Inside, light brown broadcloth covers the large, softly sprung front seats, door panels, and the generous rear seats. Darker brown carpets and gorgeous woodwork provide a pleasing contrast to the seat upholstery. The quality and presentation are excellent and in keeping with the high standard set by the exterior. While it is a two-door coupe, the tall roofline and long wheelbase make for generous accommodations inside. The luxurious appointment includes opening rear windows, individual front seats, and a factory-equipped radio.
The big 462 cubic-inch V12 engine presents in good order, with slight mellowing since its meticulous restoration. The black enamel finish is in good condition, with some moderate cracking and “baking off” of the paint in places due to regular use and heat cycles. The presentation is otherwise tidy, with correct hardware, clamps, and fittings used throughout the engine bay. It runs with the smoothness and refinement expected of a multi-cylinder engine of the era. At an impressive 175 horsepower, Pierce’s V12 matched Cadillac’s complex and expensive V16 for output, giving even a large car like the model 1245 very respectable performance. The engine is paired with a three-speed manual transmission, with optional freewheeling.

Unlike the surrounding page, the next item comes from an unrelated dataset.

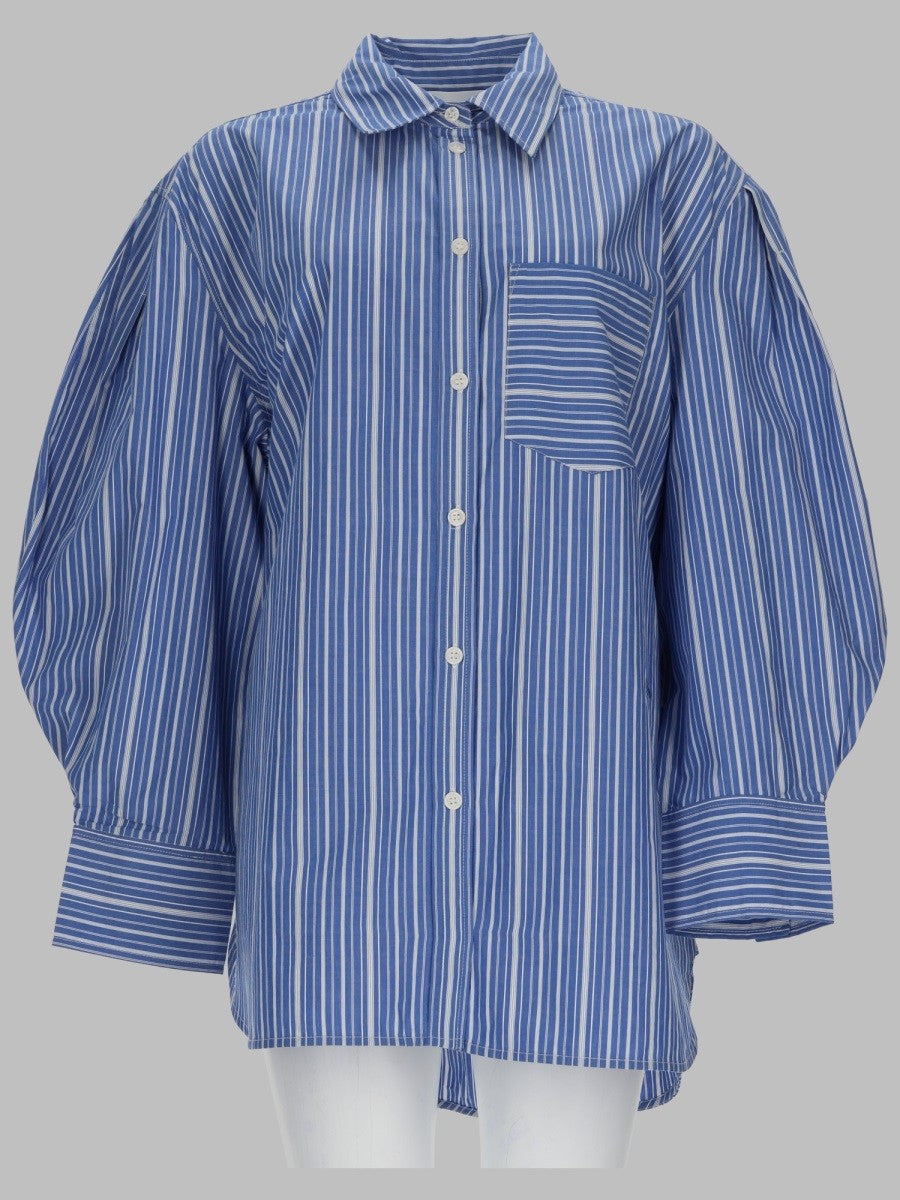 GANNI - Woman - Blue - Shirt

Since the restoration was completed, this rare Silver Arrow appeared in numerous prestigious events. It is a CCCA National First Prize winner, it appeared at the Pebble Beach Concours d’Elegance, and it won its class at the 1999 Palo Verdes Concours, and was awarded “Most Elegant” at the Silverado Concours d’Elegance. This Pierce remains in beautiful cosmetic condition and is ready to be enjoyed on CCCA CARavan tours, or with groups such as the AACA or the Pierce-Arrow Society. This is a rare opportunity to acquire one of just two known survivors of Pierce-Arrow’s most stylish and powerful offering from 1935.